Prognosen zufolge werde es in fünf Jahren keinen Ort mehr geben, der von der "Betoninvasion" an der Küste verschont geblieben ist. Ökobilanzen sind zwar vorgeschrieben, doch in den vergangenen zwei Jahren habe es nicht eine einzige negative Umweltverträglichkeitsprüfung für ein Investmentprojekt gegeben. Hinzu komme noch, dass die Zahl der aus- und inländischen Besucher abnehme. Zusätzliche Probleme gab es auch mit der Planung der bulgarischen Natura-2000-Gebiete. Insgesamt vier Mal musste die ursprüngliche Fassung überarbeitet werden, ehe sie von der EU mit einem Jahr Verspätung anerkannt wurde. "Wie erwartet, blieben einige wichtige Naturgebiete ungeschützt", kritisiert Kalcheva. "Alle sind Teil von Bauprojekten, etwa die Pufferzonen im Rila-Nationalpark sowie die Küstengebiete in Irkali und Kaliakra." Für die Aktivisten hat die Verspätung auch Kalkül: In der Zwischenzeit wurde der Status der meisten geschützten Gebiete geändert, sodass sie praktischerweise als Baugebiete erschlossen werden konnten. Auch landwirtschaftliche Flächen wurden von dem Naturschutznetzwerk ausgenommen und zu Bauflächen umgewidmet.

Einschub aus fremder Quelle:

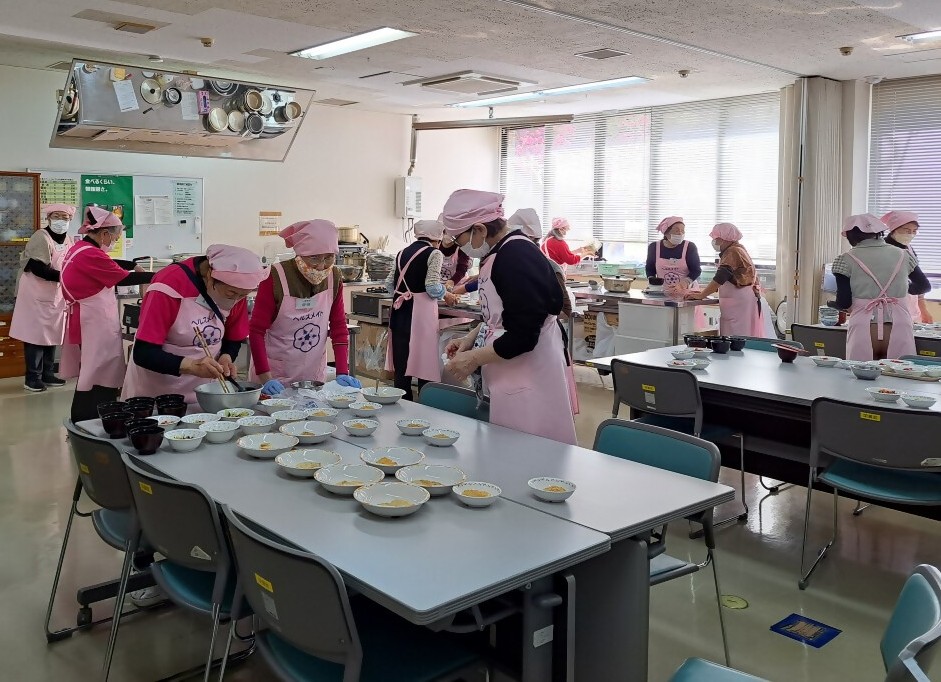 調理実習の様子の写真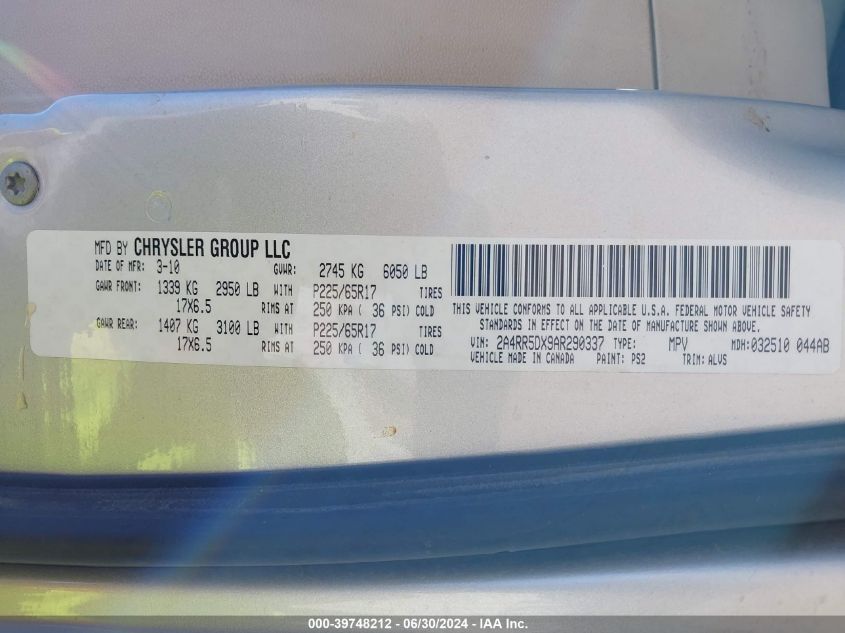 2010 Chrysler Town & Country Touring VIN: 2A4RR5DX9AR290337 Lot: 39748212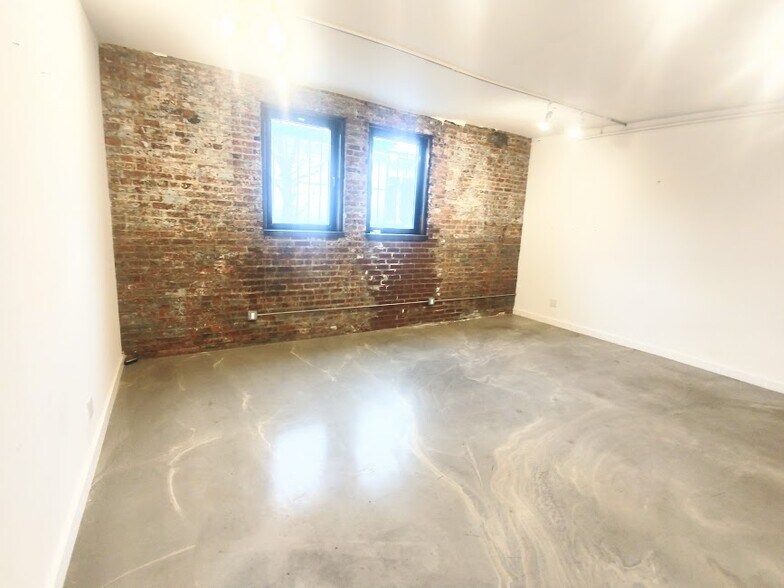 More Photos Of 1-11 Gem St, Brooklyn Office For Lease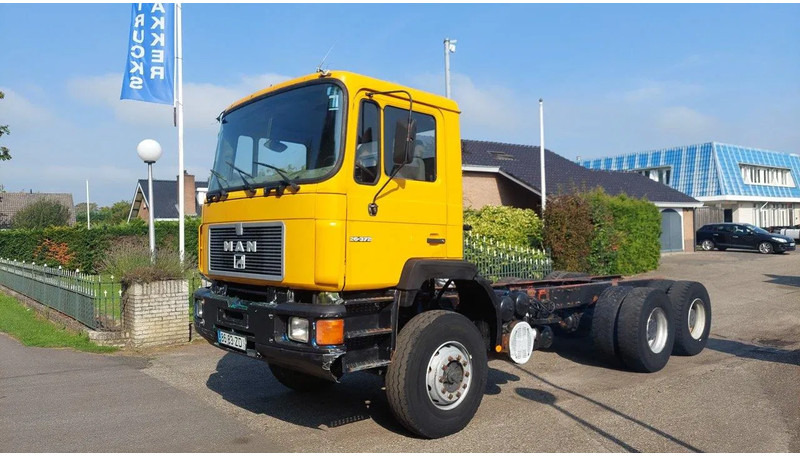 MAN 26.372 MANUAL ZF GEARBOX STEEL SUSPENSION 6X4 - Chassi lastbil: bild 1 MAN 26.372 MANUAL ZF GEARBOX STEEL SUSPENSION 6X4 - Chassi lastbil: bild 1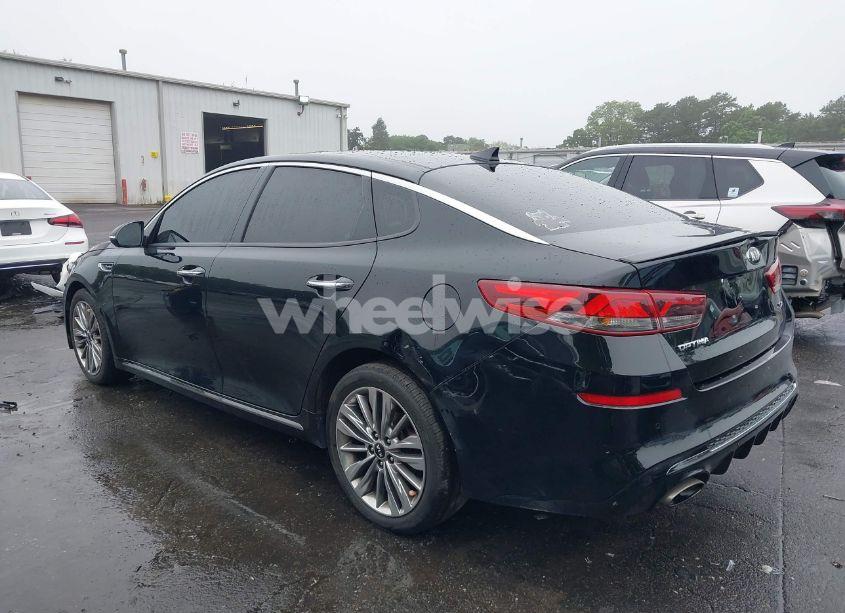 Photo 3 of 2019 Kia Optima SX TURBO (VIN 5XXGV4L28KG306871)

"Die besorgniserregenden Berichte aus Bulgarien zeigen deutlich, was passiert, wenn Tourismusentwicklung mit einseitiger Infrastrukturentwicklung gleichgesetzt wird", so Karin Chladek, Pressesprecherin vom Institut für integrativen Tourismus, respect http://www.respect.at , gegenüber pressetext. "Gerade eine Region mit so grandiosen Natur- und Kulturlandschaften wie Osteuropa hätte alle Chancen, ihre ländlichen Regionen durch Tourismus zu stärken." Solche Gebiete zuzubetonieren, sei nicht nur aus Naturschutzsicht ein Skandal, sondern eine Vernichtung von volkswirtschaftlichen Chancen. "Politiker, die so etwas zulassen - egal in welchem Staat - schaden der Zukunft ihres Landes." Es sei wichtig, dass die EU dies deutlich mache. Doch leider mahlen die Brüsseler Mühlen sehr langsam. "Es braucht daher viel mehr Unterstützung für Umweltaktivisten und Initiativen für eine nachhaltige Tourismusentwicklung vor Ort", meint Chladek abschließend.